If you ever find something similar: don’t publish immediately, and think about who in your circle might have a direct line to the affected team. It’s the fastest and cleanest way to get it fixed.


Lessons for devs

Everything I found comes down to one fundamental mistake: the system confused authentication with authorization.

Authentication answers “who are you?”. Authorization answers “are you allowed to do this?”. sBID implemented the first and completely skipped the second.

The fix is conceptually simple:

# What sBID was doing
if user.is_authenticated():
    return get_student_data(student_id)

# What it should have been doing
if user.is_authenticated():
    if (user.is_tutor_of(student_id) or
        user.is_same_student(student_id) or
        user.is_admin()):
        return get_student_data(student_id)
    else:
        raise UnauthorizedException("Access denied")

Beyond that, a few things would have stopped or significantly slowed down the full ATO chain:

Use non-sequential IDs.
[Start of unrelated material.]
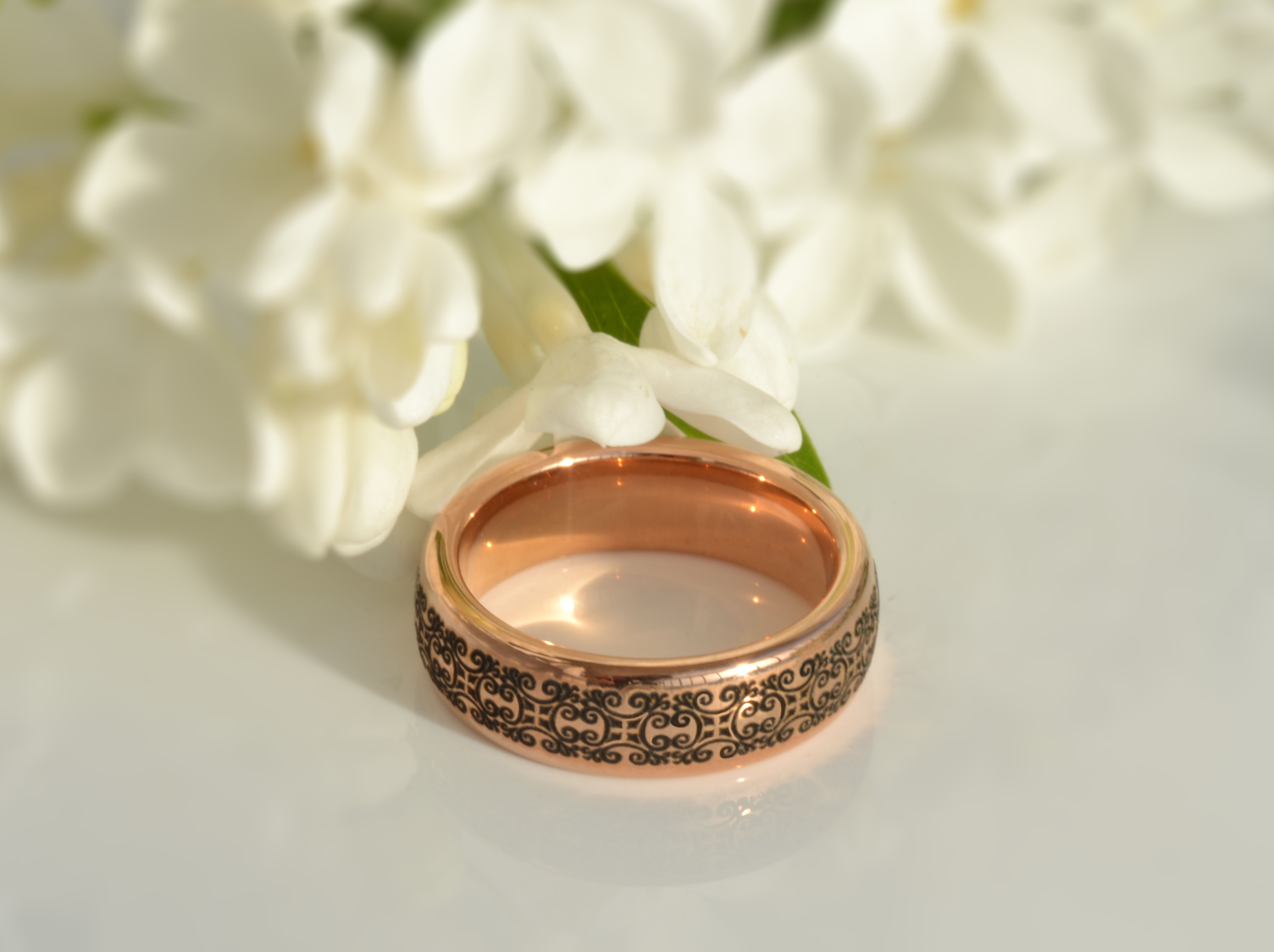 Close-up of a rose gold tungsten ring with an antique black swirl pattern, placed in front of white flowers.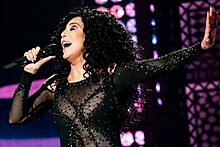 Cher sings on stage with one arm extended, wearing a black sheer bodysuit adorned with sparkling embellishments and dark curly hair cascading down.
UUIDs make enumeration practically impossible. Sequential integers are an open invitation to scrape your entire database.

Expire your reset tokens. A reset token that never expires and can be reused indefinitely is not a token, it’s a permanent backdoor. 15 minutes, single use, invalidated on consumption.

Require authentication for password reset requests. Or at minimum, implement rate limiting. The renewPass endpoint accepted unauthenticated requests with no throttling whatsoever.

Store reset tokens out of band. Sending reset links through the platform’s own internal messaging system — which was itself vulnerable to IDOR — created a direct path from “read someone’s messages” to “own their account”.

None of these are exotic security measures. They’re basics. But skipping all of them at once, in a system handling the personal data of hundreds of thousands of students, turned a bad day into a critical incident.